Все рассуждения свои я рассуждал на следующую ночь, когда угомонился, затих на час Дикий лагерь. Кое–где струился дым от догорающих костров. С разных сторон доносился рычащий мужской храп. Он странно гармонировал со стоящей кругом тишиной. Тишина была родиной. Русские люди спали на своей земле.

Мне не спалось. Я сидел и думал о многом. О том, почему правители наши уже век поголовно происходят из народа, из нас же, а счастья по–прежнему нет. О том, почему нас, русских, не любят за границей страны, а внутри этих границ мы сами не любим друг друга. О том, почему у нас нет мудрых стариков, старцев, которые научили бы нас отличать черное от белого, острым безжалостным лезвием рассекая зыбкую границу между небом и землей и не допуская этим прикосновения к сладким губам врага. Почему даже лучшие из нас врут, и не от этого ли постоянно напряжена и болит душа. Почему мы гадим на своей природе. Почему живем в постоянном говне и не пытаемся хотя бы лично отойти немного в сторону.

Глобальные эти вопросы измучили меня, и я стал думать о личном. О всех, кого любил, их сладко было вспоминать по очереди и вместе, и только я забылся — боль высекла слезы из глаз. Такая острая и непредсказуемая, что возопил я, неверующий и смышленый прежде: Господи, за что?!!!

«А за это, за это, и вот за то. И помнишь еще — за это тоже», — хорошо, когда сам себе можешь трезво отвечать на такие вопросы.

Было близко–близко к выходу солнца из–за ближайшей сопки. От жирной реки Варзуги пошел пар. Стих совсем и до того небольшой ветер. Зашевелились в прошлогодней листве просыпающиеся лемминги. Заворочались в палатках мужики. Протарахтела первая моторка, привезшая из деревни продавщиц лицензий. Тоненько вскрикнул кто–то в бесовской палатке. Пискнула птичка Божия. Я вытер глаза грязной от пепла ладонью и поднялся на ноги. Сегодня я должен был поймать рыбу.

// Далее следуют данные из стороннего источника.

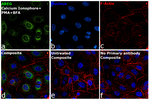 Amphiregulin Antibody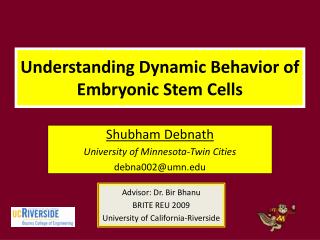 Understanding Dynamic Behavior of Embryonic Stem Cells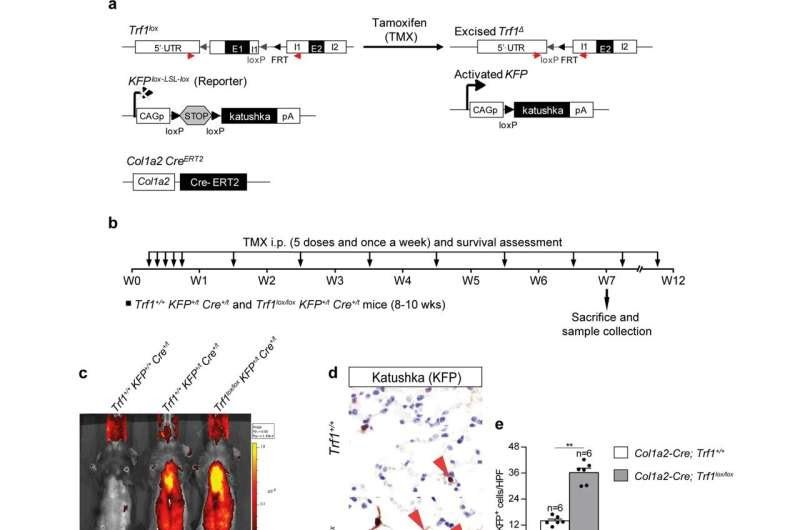 Treatment of pulmonary fibrosis should focus on the telomeres of the cells that regenerate the lungs, according to a new study b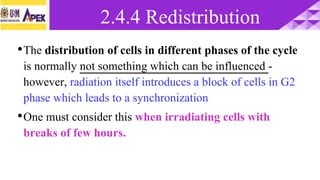 •The distribution of cells in different phases of the cycle
is normally not something which can be influenced -
however, radiation itself introduces a block of cells in G2
phase which leads to a synchronization
•One must consider this when irradiating cells with
breaks of few hours.
2.4.4 Redistribution
 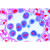 6 selected Microscope Slides. With depictured accompanying brochure 1(d). Mitosis, l.s. from Allium root tips showing plant mitosis stained with iron-hematoxyline 2(f). Mitotic stages in sec. of red bone marrow 3(e). Meiotic and mitotic stages in sec. of Salamandra testis 4(f). Lilium, anther t.s., microspore mother cells showing telophase of first and prophase of second division 5(f). Giant chromosomes, smear from salivary gland of Chironomus 6(f). Ascaris megalocephala embryology. Sec. of uteri showing maturation stages.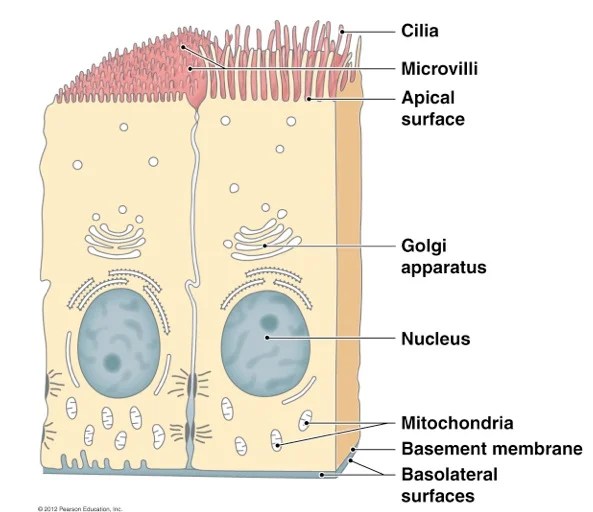 14 Types of Cells in Human Body & their Important Functions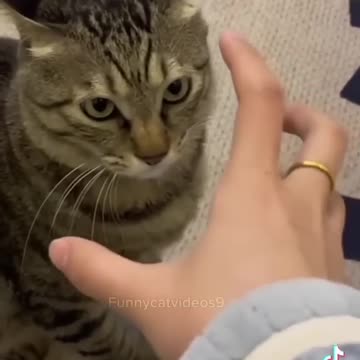 #viral video cat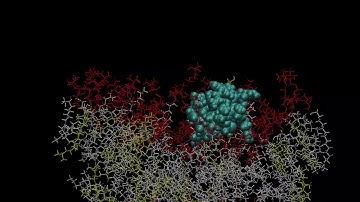 Artificial designed cell penetrating peptide goes through the membrane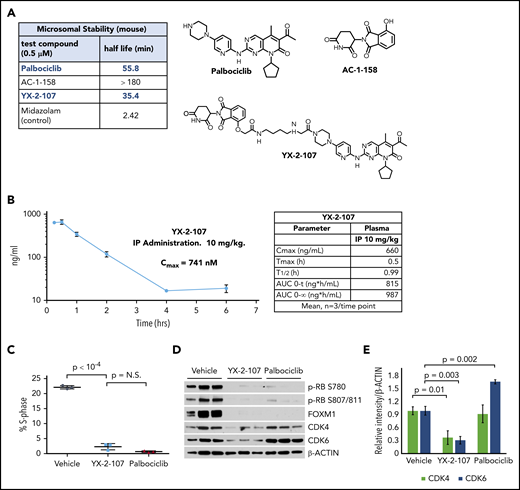 PROTAC YX-2-107 metabolic stability and its biological activity in a mouse xenograft of Ph+ ALL. (A) Half-life of YX-2-107, palbociclib, and E3 ligase–recruiting molecules incubated in mouse liver microsomes. (B) Time course of plasma concentration of YX-2-107 injected intraperitoneally at 10 mg/kg into C57BL/6j mice and its PK property (left). Cell cycle analysis by propidium iodide staining (C) and immunoblot for phospho-RB, FOXM1, CDK4, and CDK6 (D), with densitometry of CDK4 and CDK6 expression (E) of bone marrow leukemic cells (>90% CD19+CD10+ by flow cytometry), from NSG mice injected with Ph+ ALL cells and treated (3 mice/group) with palbociclib or YX-2-107 at 150 mg/kg per day for 3 consecutive days when peripheral blood leukemic cells were 50%. Bone marrow leukemic cells were purified 24 hours after the cessation of drug treatment. N.S., not significant.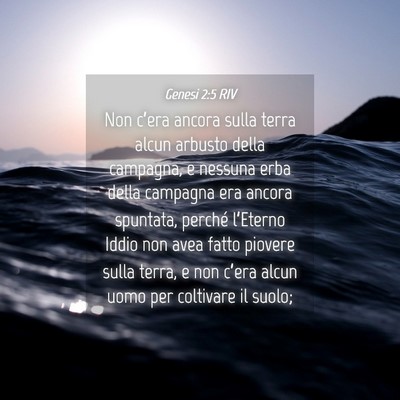 Picture 04 - Genesi 2:5 RIV - Non c’era ancora sulla terra alcun arbusto - Bible Verse Picture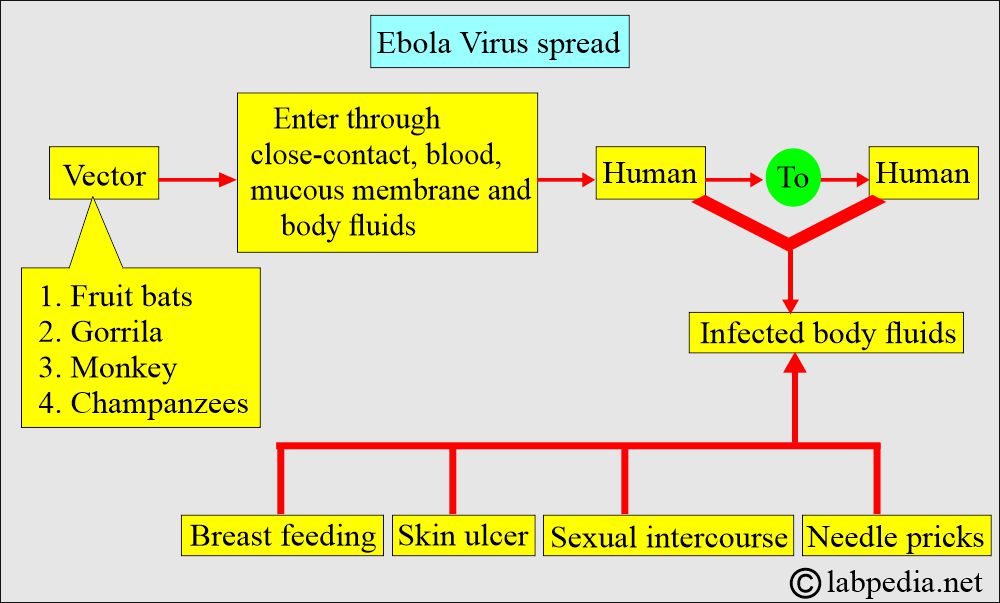 Ebola virus spread Ebola virus spread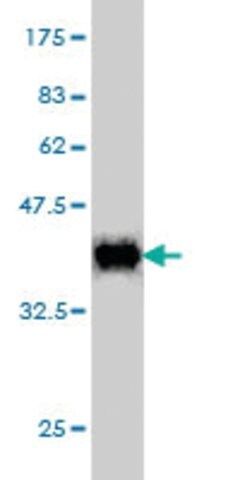 Monoclonal Anti-POLR2I antibody produced in mouse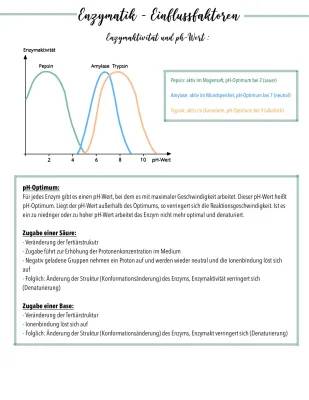 Entdecke die Enzyme: Temperatur und pH-Wert einfach erklärt!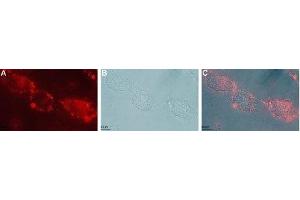 Expression of GFRA1 in live intact rat C6 glioma cells - Cell surface detection of GFRA1 in live intact rat C6 glioma cells with Anti-GFR alpha 1 (extracellular) Antibody (ABIN7043211, ABIN7044777 and ABIN7044778), (1:50), followed by goat-anti-rabbit-DyLight-594 secondary antibody (red) (A). (GFRA1 抗体  (Extracellular))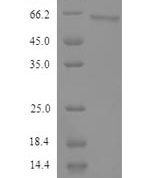 SDS-PAGE separation of QP9386 followed by commassie total protein stain results in a primary band consistent with reported data for Semenogelin-2. These data demonstrate Greater than 90% as determined by SDS-PAGE.
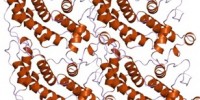 image: New Shape of Parkinson's Protein
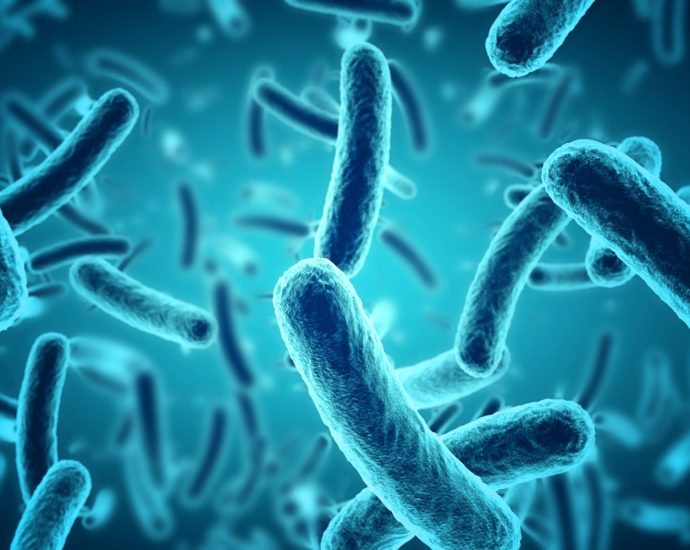 Scientists discovered a brand new bacteria growing on China’s space station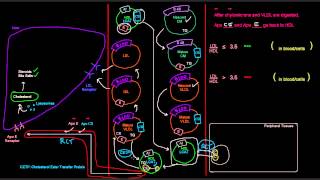 Lipoproteins Part 7 of 7  HDL High Density Lipoprotein [upl. by Telfer]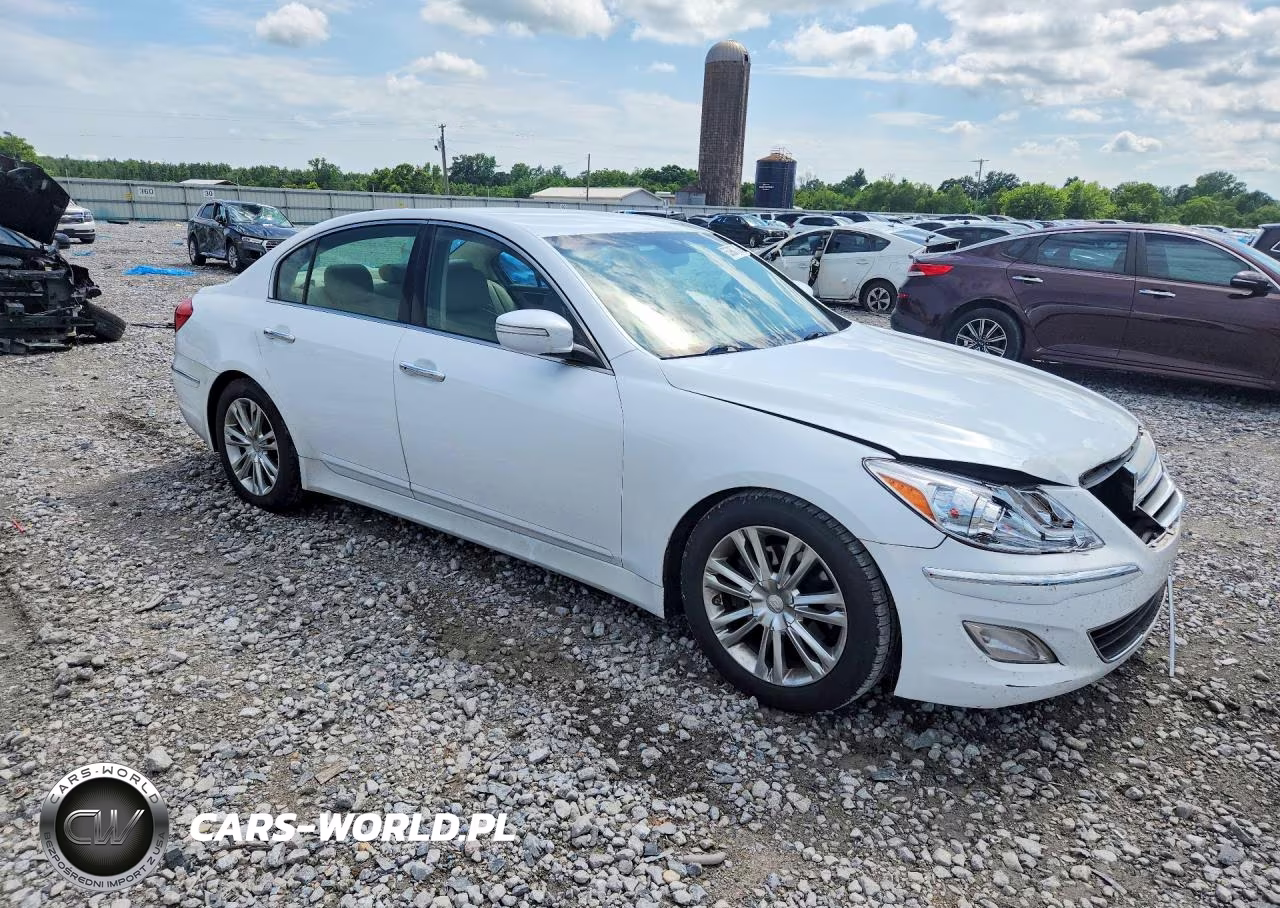2014 Hyundai Genesis 3.8L VIN:KMHGC4DD2EU261698 - 4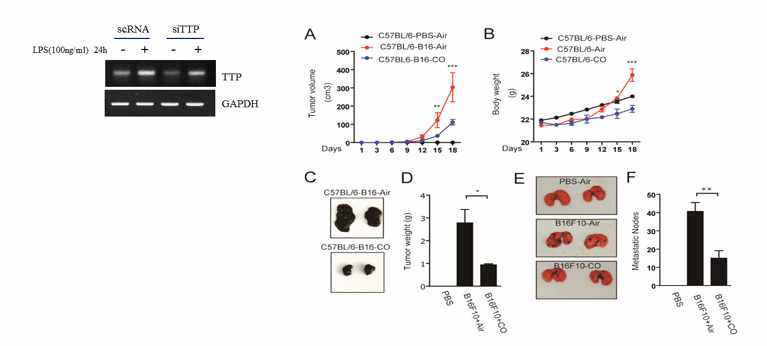 CO treatment inhibits the tumor growth in in vivo model.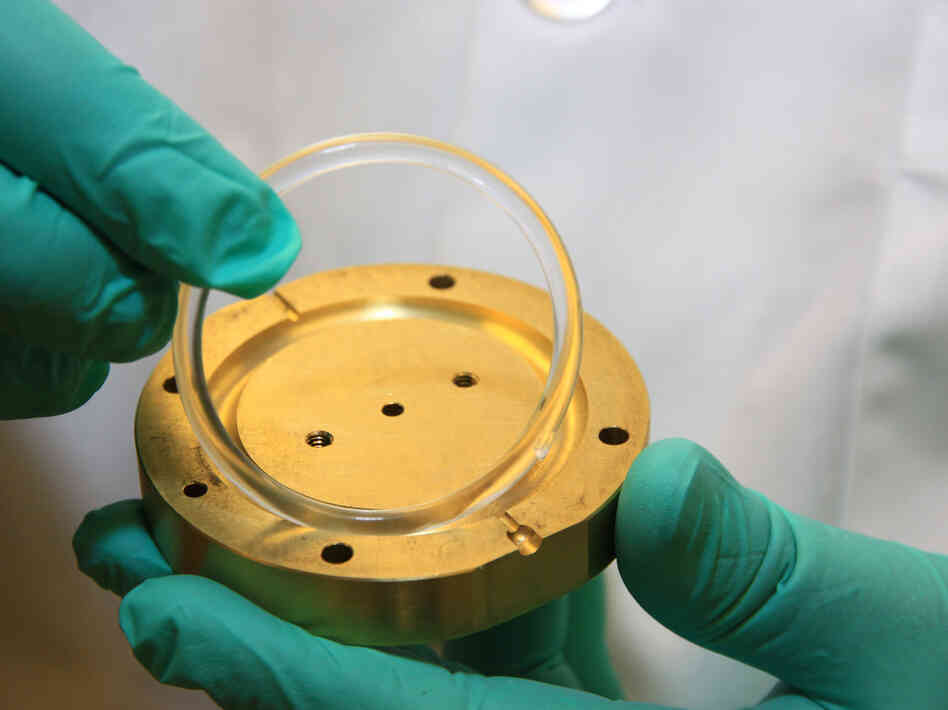A small, plastic vaginal ring loaded up with an HIV drug protects monkeys from infection with simian immunodeficiency virus. A small, plastic vaginal ring loaded up with an HIV drug protects monkeys from infection with simian immunodeficiency virus.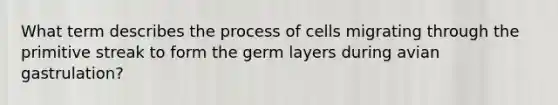 What term describes the process of cells migrating through the primitive streak to form the germ layers during avian gastrulation?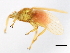  ( - BCAAJN-G28-1)  @13 [ ] CreativeCommons - Attribution (2010) Unspecified Centre for Biodiversity Genomics
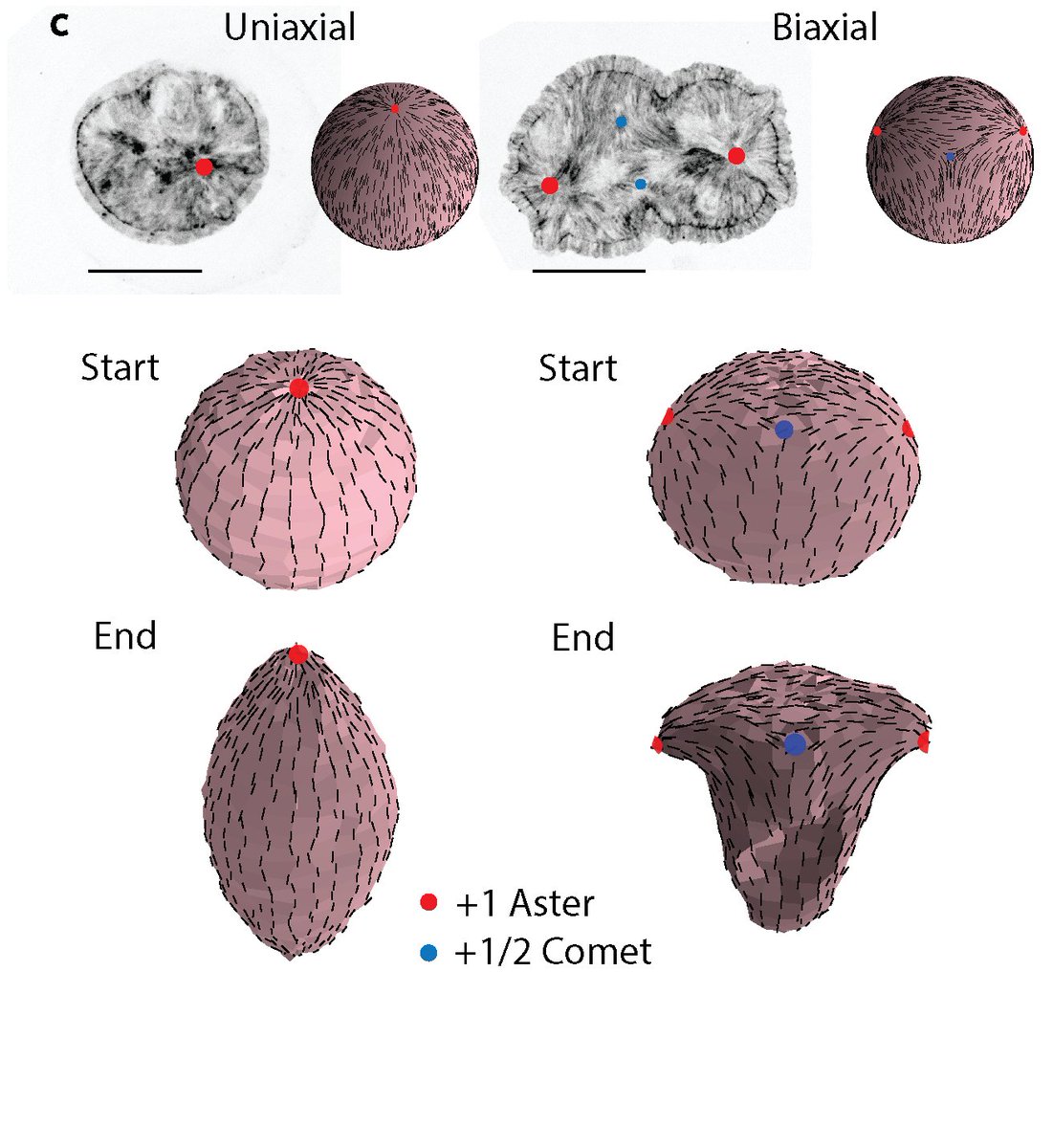 Roux Lab (@rouxlab) on Twitter photo This shows that actin defects are essential for head morphogenesis. Simulations by <a href="/PearceDJG/">Daniel Pearce</a> and Karsten Kruse show that the defects organise the actin stresses to shape the Hydra tissue into a head and a foot... or two heads and a foot.
biorxiv.org/cgi/content/sh… This shows that actin defects are essential for head morphogenesis. Simulations by <a href="/PearceDJG/">Daniel Pearce</a> and Karsten Kruse show that the defects organise the actin stresses to shape the Hydra tissue into a head and a foot... or two heads and a foot.
biorxiv.org/cgi/content/sh…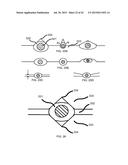 COMPOSITE LIQUID CELLS diagram and image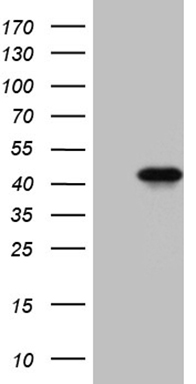 KLF12 Antibody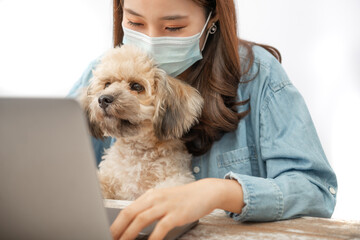 Young Asian woman wearing protective face mask works on a laptop at home office with her dog. During quarantine of coronavirus pandemic outbreak protection. Healthcare and work from home concept.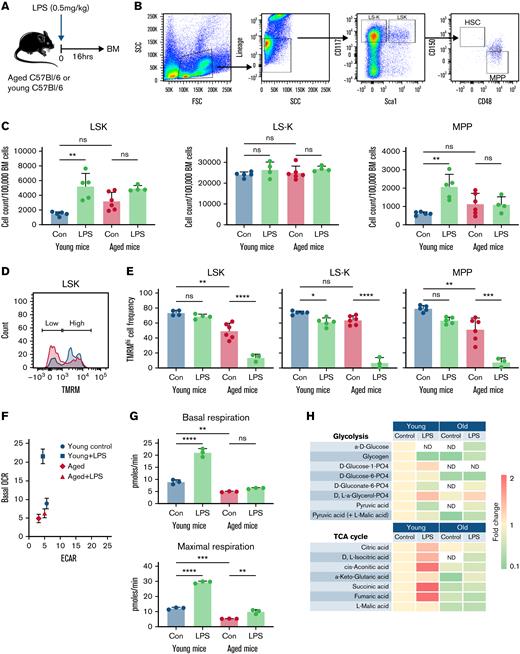 Hematopoietic progenitors from aged mice exhibit an impaired metabolic response to LPS treatment. (A) Schematic of the experiment. Young (8-12 weeks) and aged (18-24 months) C57Bl/6 mice were treated with 0.5 mg/kg LPS or vehicle control. After 16 hours, they were killed and their BM isolated. (B) Flow cytometry gating strategy and for LSK, LS-K, MPP, and HSC (Lin–, Sca1+, cKit+, CD150+, CD48–) populations in aged mice. (C) LSK, LS-K, and MPP cell counts per 100 000 BM cells in young and aged mice after LPS treatment compared with control mice. (D) Example of TMRMhi and low cell populations in young (blue) and aged (red) mice and frequencies of TMRMhi LSKs. (E) Frequencies of TMRMhi LSKs, LS-Ks, and MPPs after LPS treatment in young and aged mice. (F) Changes in OCR compared with extracellular acidification rate (ECAR) in LKs isolated from aged and young mice after LPS treatment. (G) Changes in basal and maximal respiration after LPS treatment in LKs from young and aged mice. (H) Results from the Biolog analysis showing the metabolic utilization of glycolytic and TCA cycle substrates by LKs isolated from young and aged mice treated with LPS compared with control mice. Not detected (ND) levels are labeled, and 1 represents no change. ∗P < .05, ∗∗P < .01, ∗∗∗P < .001, ∗∗∗∗P < .0001 using the Mann-Whitney U test or two-way analysis of variance. Con, vehicle control; FSC, forward scatter; SCC, side scatter; ns, not significant.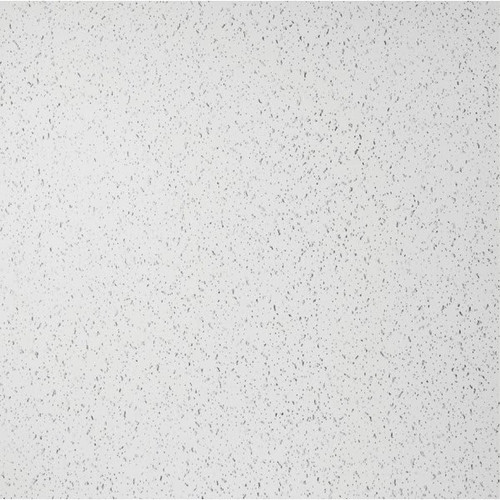 Genesis 2ft X 2ft Printed Pro Lay In Ceiling Tile, Case Of 12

Я точно знаю, что нет рыбы красивее и благороднее семги. Это даже не рыба, это — разумное существо, особой стати рыбный народ. Так умно и уместно все устроено в его жизни, от рождения и до смерти. Из родных рек уходит она в далекие моря своей юности и проводит там несколько лет в никому не известных занятиях, словно познает мир во всей его сладости. Затем, повзрослев, возвращается на родину. За многие сотни километров чует она вкус родной воды и приходит точно к тем рекам, где родилась. По пути к нерестилищам перестает питаться и только убивает, поморы говорят «мнет», сорную рыбу, которая может повредить ее потомству. После нереста скатывается обратно в море, чтобы продолжить жизнь, сделать еще несколько циклов, от свободы до любви, совсем как человек. А в реке остается стадо нянек, которое охраняет общее потомство, само не питается ничем, потому сильно худеет и в конце концов гибнет, жизнь на благое дело положив.